Records supplied →
====

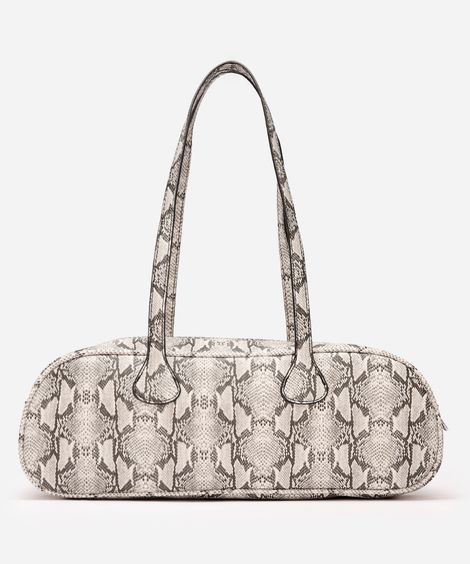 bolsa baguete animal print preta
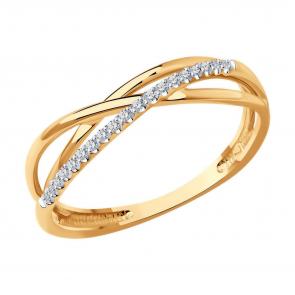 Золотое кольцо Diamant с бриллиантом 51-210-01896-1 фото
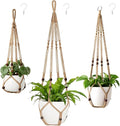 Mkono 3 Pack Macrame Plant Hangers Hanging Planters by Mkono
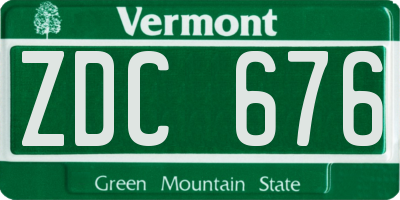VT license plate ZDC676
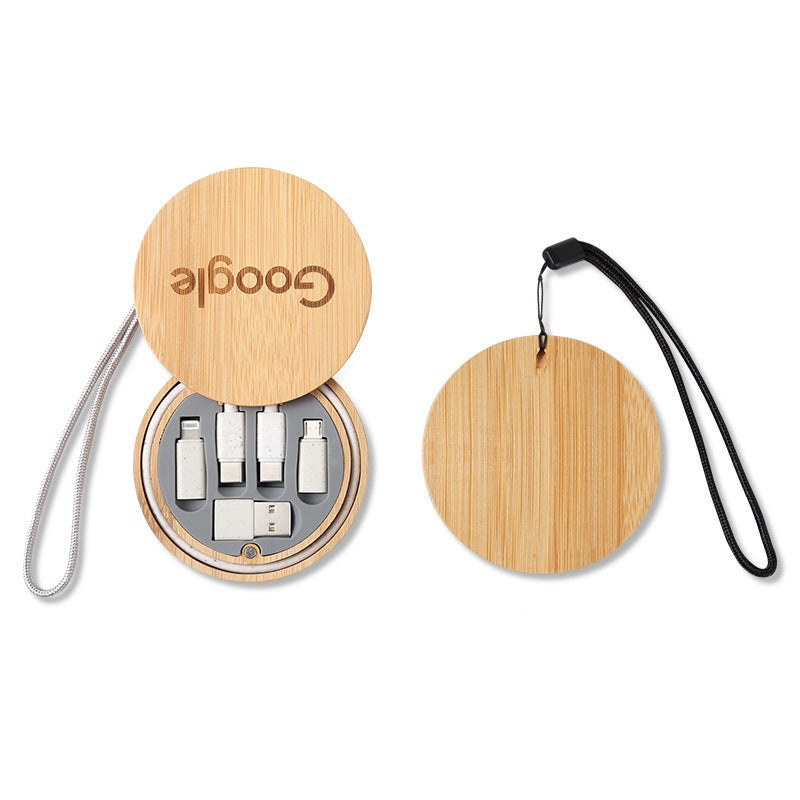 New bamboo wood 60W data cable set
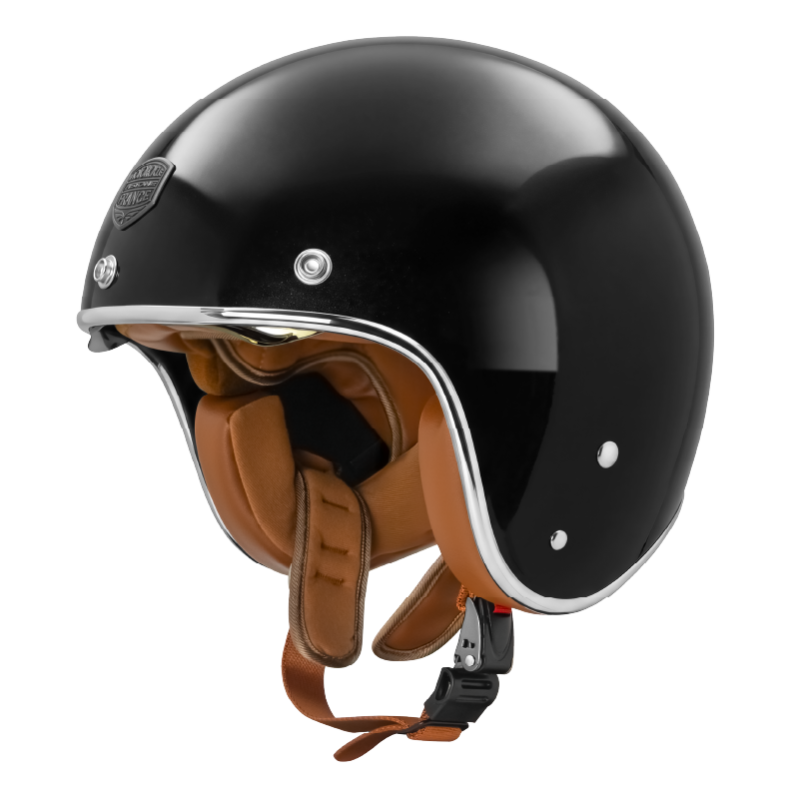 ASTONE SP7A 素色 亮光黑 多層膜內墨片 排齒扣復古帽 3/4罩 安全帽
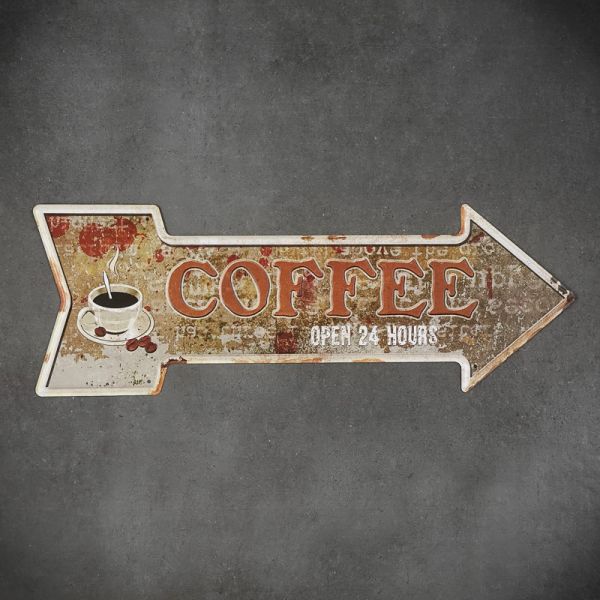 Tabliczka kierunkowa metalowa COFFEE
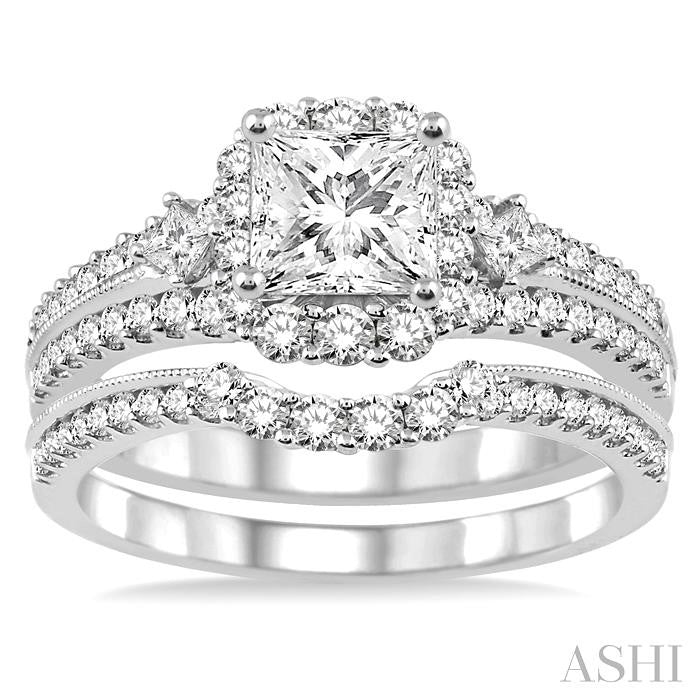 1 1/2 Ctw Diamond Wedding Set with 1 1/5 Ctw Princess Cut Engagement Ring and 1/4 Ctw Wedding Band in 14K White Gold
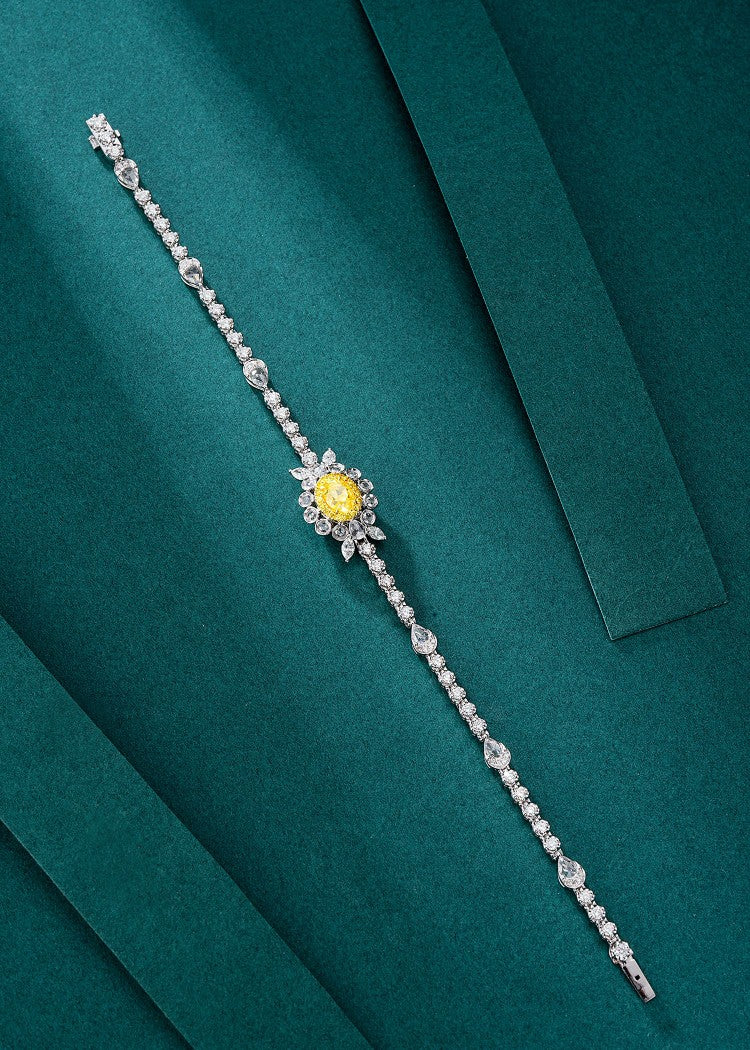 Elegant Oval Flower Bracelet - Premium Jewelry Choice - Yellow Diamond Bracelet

====

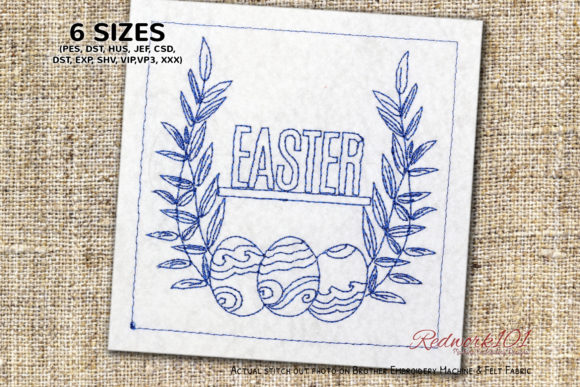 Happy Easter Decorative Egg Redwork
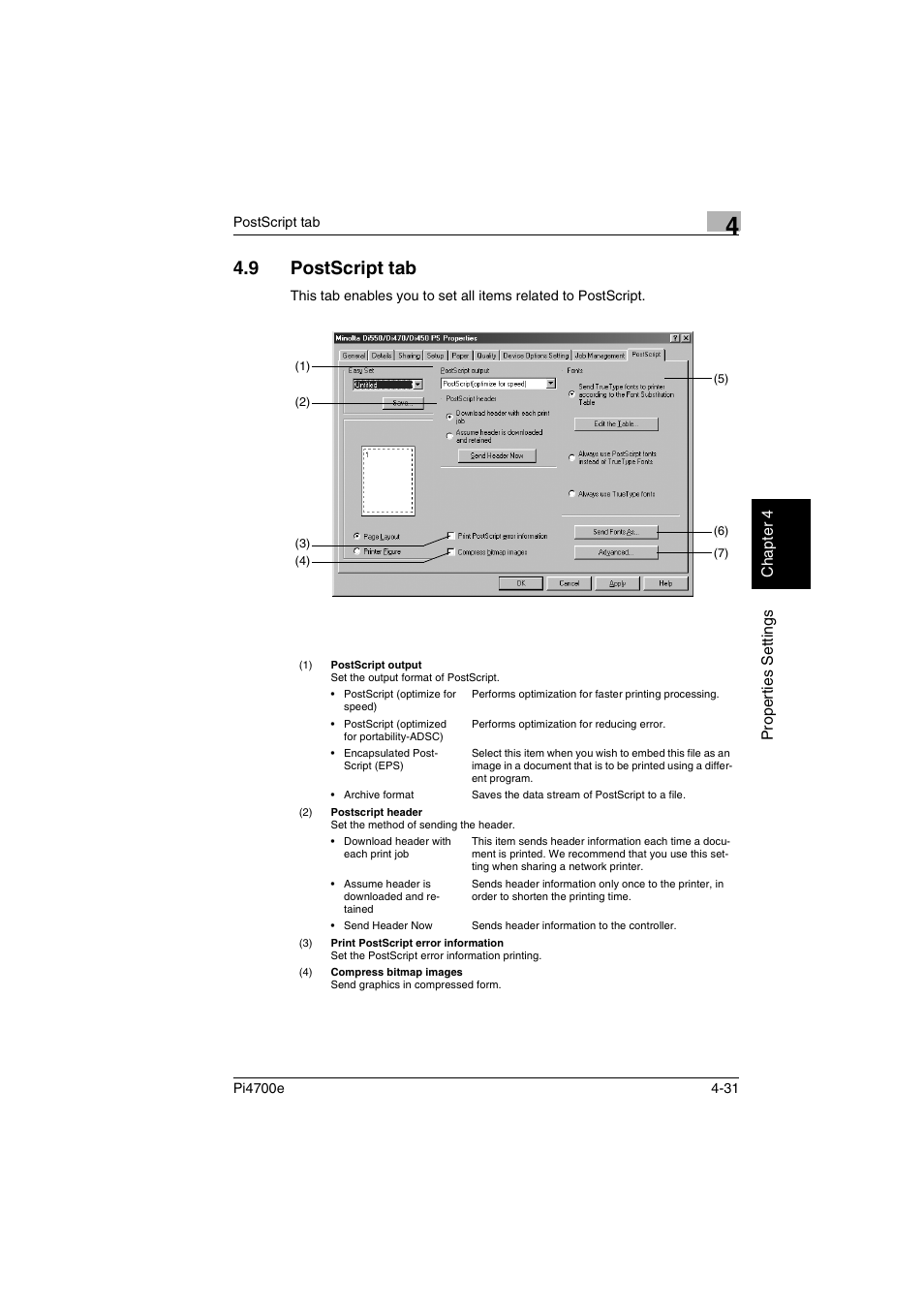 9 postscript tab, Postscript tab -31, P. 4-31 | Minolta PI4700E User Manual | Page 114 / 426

====

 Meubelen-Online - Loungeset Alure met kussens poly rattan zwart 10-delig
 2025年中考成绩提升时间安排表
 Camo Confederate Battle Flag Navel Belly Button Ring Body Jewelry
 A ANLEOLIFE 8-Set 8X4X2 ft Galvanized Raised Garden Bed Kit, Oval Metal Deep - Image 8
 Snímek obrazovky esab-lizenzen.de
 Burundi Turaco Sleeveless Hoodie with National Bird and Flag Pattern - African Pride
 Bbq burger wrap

====

The task → Using the records above, write out exactly the lines between the one holding "Camo Confederate Battle" and the one holding "Bbq burger wrap", inclusive; leave everything else out.

Problem solution →
 Camo Confederate Battle Flag Navel Belly Button Ring Body Jewelry
 A ANLEOLIFE 8-Set 8X4X2 ft Galvanized Raised Garden Bed Kit, Oval Metal Deep - Image 8
 Snímek obrazovky esab-lizenzen.de
 Burundi Turaco Sleeveless Hoodie with National Bird and Flag Pattern - African Pride
 Bbq burger wrap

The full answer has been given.